Martha Jean Steinberg may have the solution to the nation's crime problem: prayer—with a vengeance. The Detroit gospel radio hostess didn't exactly turn the other cheek when some nonbeliever stole her brand-new car. Instead, she took to the airways and threatened to call down the wrath of the Lord against the car thief and anyone who witnessed the crime but didn't call the police immediately. When Miss Steinberg returned to her Home of Love Church, she found the car parked in its usual place—with the gas tank filled.

When the alcoholic beverage industry was offered a gift of almost total deregulation by the Reagan administration, the nation's distillers, brewers, and vintners turned the color of Ripple. These captains of the grain and grape spoke right up and said they do not wish to be freed. Instead, they'd like the federal government to set basic standards and preempt the 50 states' passing their own laws. Deregulation would save the government about $12 million a year, but the brewers say they want the government to tell them what they can put in their bottles and on their labels. Richard B. Thornburg, spokesman for the National Beer Wholesalers Association, said, "The industry has grown up with regulation and feels very confident with it." It's almost enough to make one a teetotaler.

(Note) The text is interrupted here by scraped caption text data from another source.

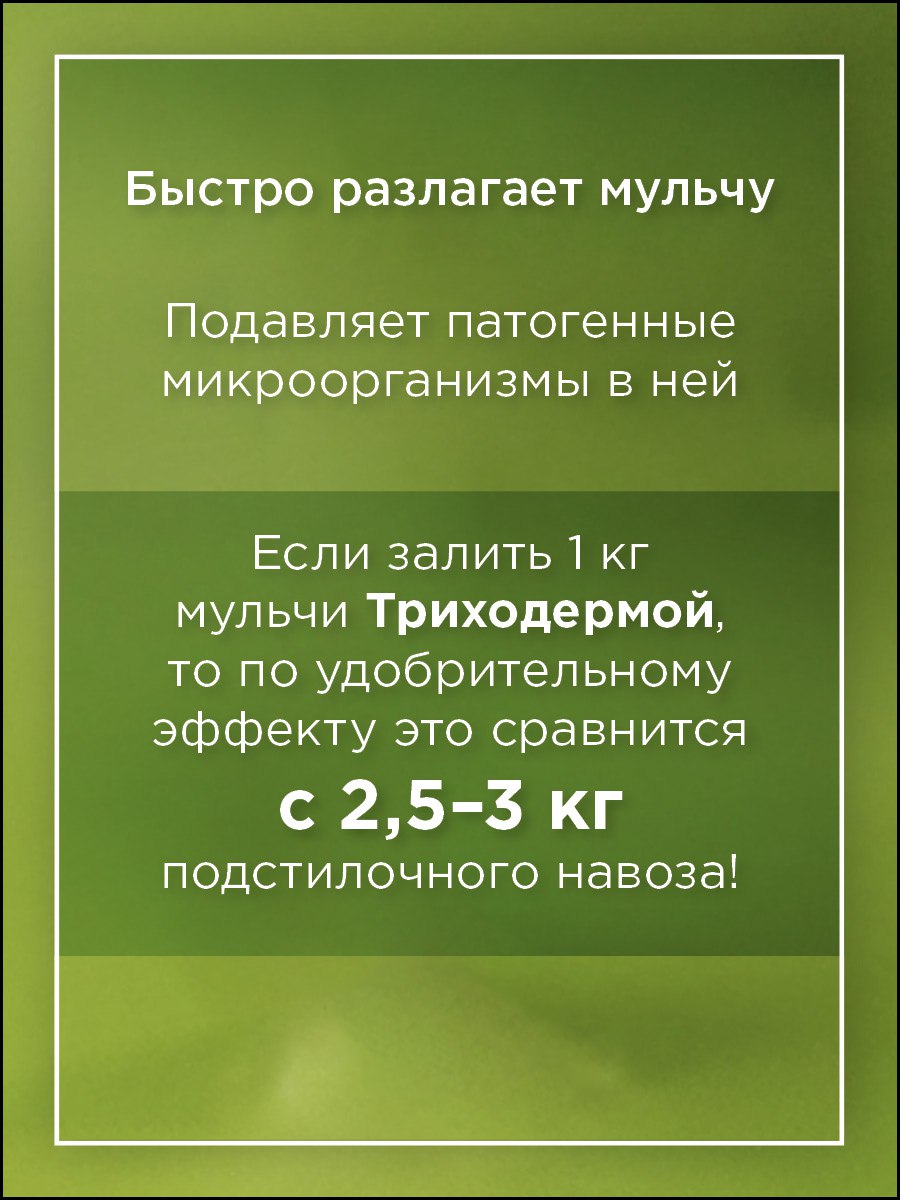 jpg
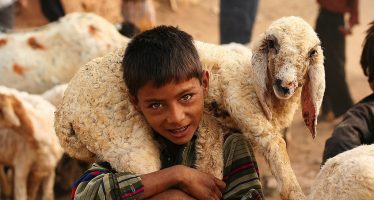 Séjour au Rajasthan et Agra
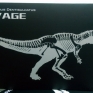 rebor-ceratosaurus-dentisulcatus-savage-000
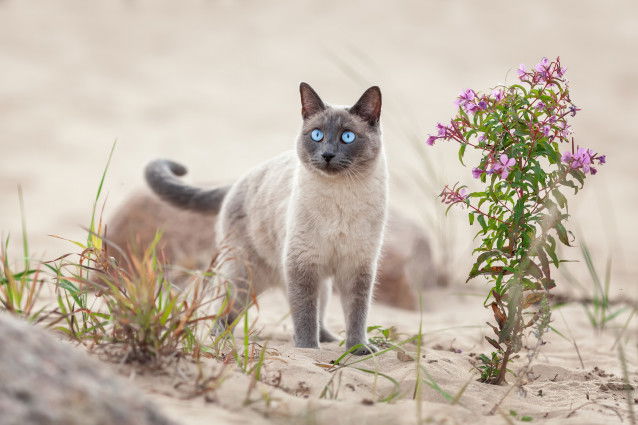 Un chat colourpoint aux yeux bleus marche sur la plage
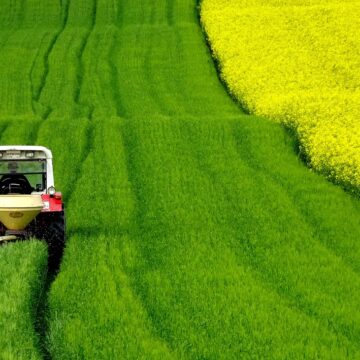 colza-tracteur colza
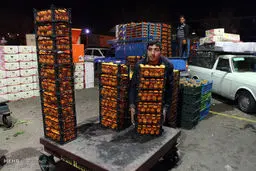 میوه‌های شب عید اینجاست/ تصاویر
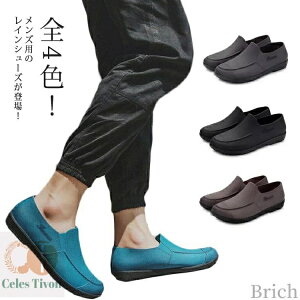 yzY d  rWlX JWA Ɨp ʊw ~[C ނ 䕗 J̓ ~J JC hV[Y  h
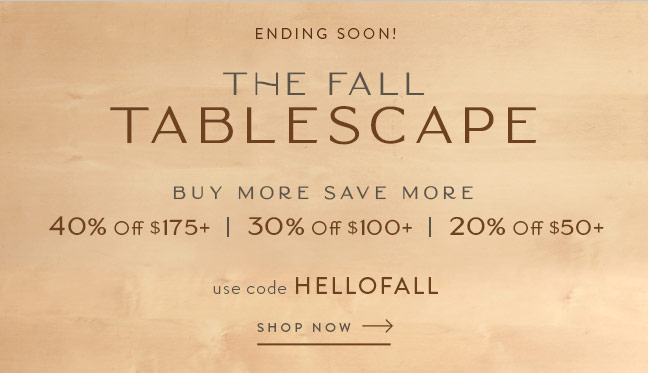 The Fall Tablescape | Save up to 40% Off with code HELLOFALL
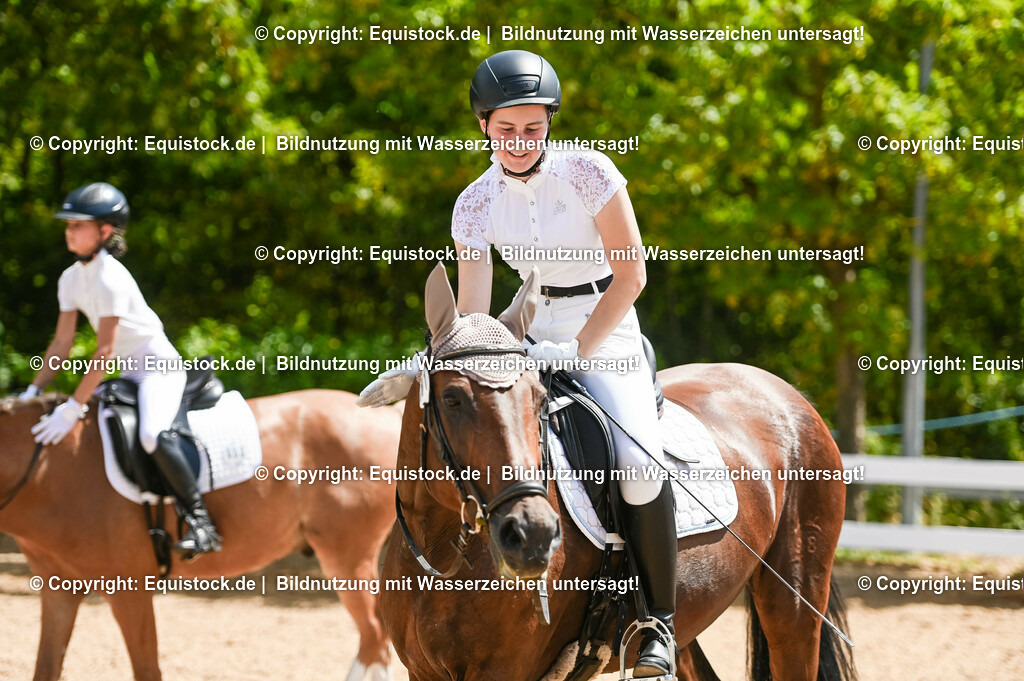 20230715_09_Dressur-WB_0299 | equistock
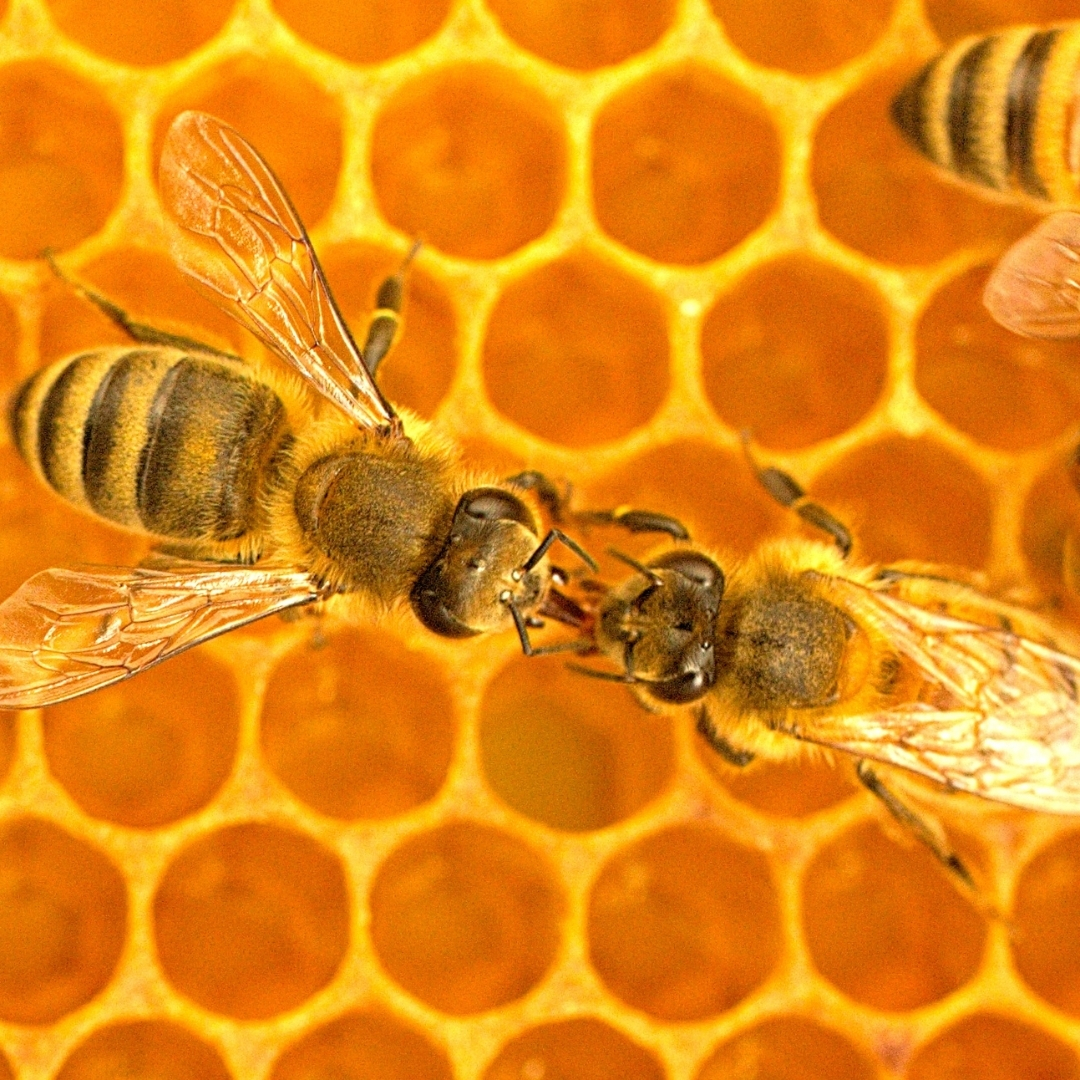 Deux abeilles échangeant leur nourriture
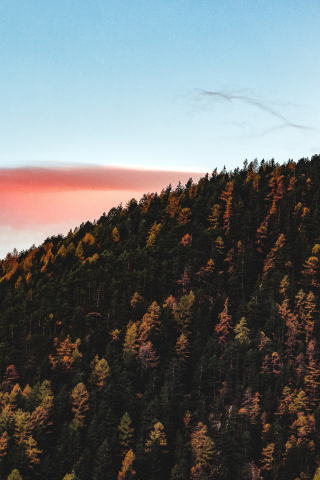 Trees, sky, autumn, hill, 240x320 wallpaper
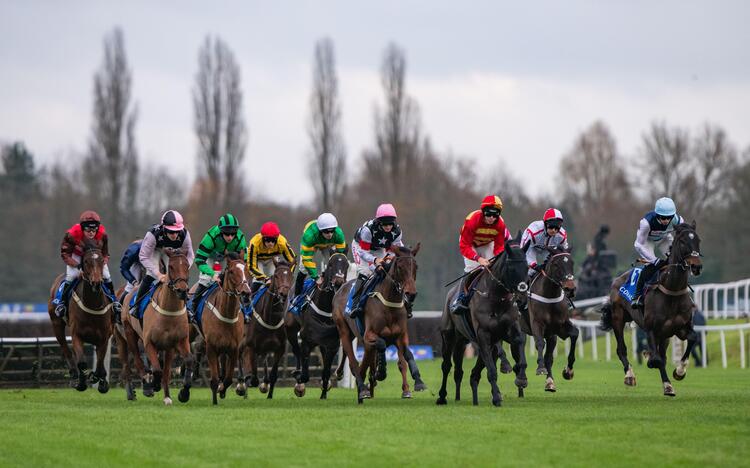 Horse Racing Latest News MyBettingSites co uk Horse Racing Latest News MyBettingSites co uk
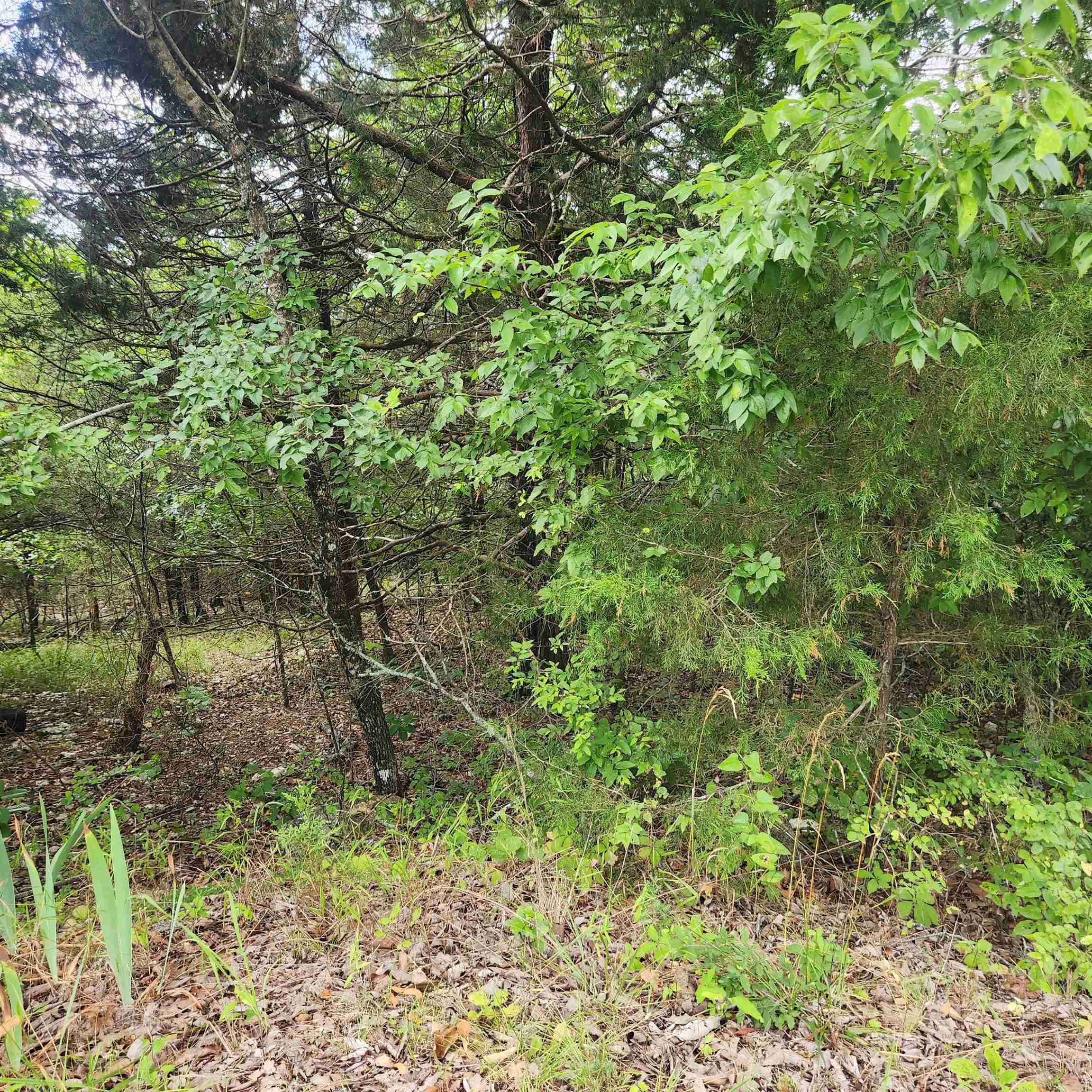 Wonderful and wooded lot in the heart of Cherokee Village. Secluded and away from it all. Buy this lot and pick your spot to build your dream home or just a getaway cabin. With ownership of this lot you have access to all the amenities of Cherokee Village such as the lakes and golf courses and Thunderbird Center and swimming pool, mini golf, parks, hiking trails and don't forget about the beautiful Southfork River.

Tarzan, everyone's favorite king of the jungle, got tangled in the vines of Yugoslavian censorship. Why? Old movies of the counterrevolutionary in loincloth have so corrupted the minds of socialist youth that they're jumping out of trees and aping the blood-chilling cry of Johnny Weismuller. Belgrade newspaper Politika quoted a leading orthopedist as saying the number of broken limbs and other injuries was up 15 percent during the month the movies were shown on television. Kojak may be next on the censor's hit list: the state lollipop collective couldn't handle it.

Canadian bureaucrats are no slouches when it comes to proposing idiotic regulations. The Canadian Transport Commission thinks that airlines should be obliged to provide a special seat at no extra charge to accommodate an obese passenger and a free seat to an escort of a handicapped passenger. There's been no word yet on exactly how the airlines are supposed to determine how fat a person must be to qualify for the benefit, but they're working on it-probably over lunch.

Being a federal government deadbeat hasn't stopped one young bureaucrat in the Department of Education from securing other forms of credit. Senate investigators say the unidentified wastrel has steadfastly refused to pay a dime on a $40,000 graduate school loan he received from the government. This creative financier is one of 36,000 federal employees who've been able to avoid paying their debts because up until now, a federal law protected their paychecks from garnishment. A new law has been passed, but it remains to be seen how many employees will now pay up. Oh, our friend in the Education Department: He had no problem getting an $18,000 commercial loan to buy a Porsche. Now when he takes Uncle Sam for a ride, he'll be able to do it in style.

Diplomatic immunity means never having to say you're sorry. Nam Chol Oh, third secretary at the North Korean mission to the United Nations, is free as a bird, and there's nothing the cops can do. He is accused of sexually abusing a Bronx, N.Y., woman at a park while several members of the mission staff were picnicking nearby. The woman was grabbed from behind, thrown to the ground, and beaten as the diplomat attempted to rape her. She made a positive identification, but the State Department stopped police from arresting the vermin. We certainly wouldn't want to offend the North Koreans, with whom we haven't had formal relations since the 1950s.

Why can't you find a cop on a New York subway? Because they're too busy handing out summonses to owners of clean, safe, and efficient vans that compete with the Metropolitan Transportation Authority. The MTA is afraid it will lose $50 million this year from riders who prefer the vans to the city's subways and buses. City bus drivers who fear losing overtime as business sags have on occasion forced vans off the road. Plainclothes cops from the city's crack anticrime squad have taken more than an hour to write up summonses—usually at rush hour. Most of the tickets have been thrown out of court, but the cops are under orders from Mayor Koch to keep writing them up. Now that's protection for the subways.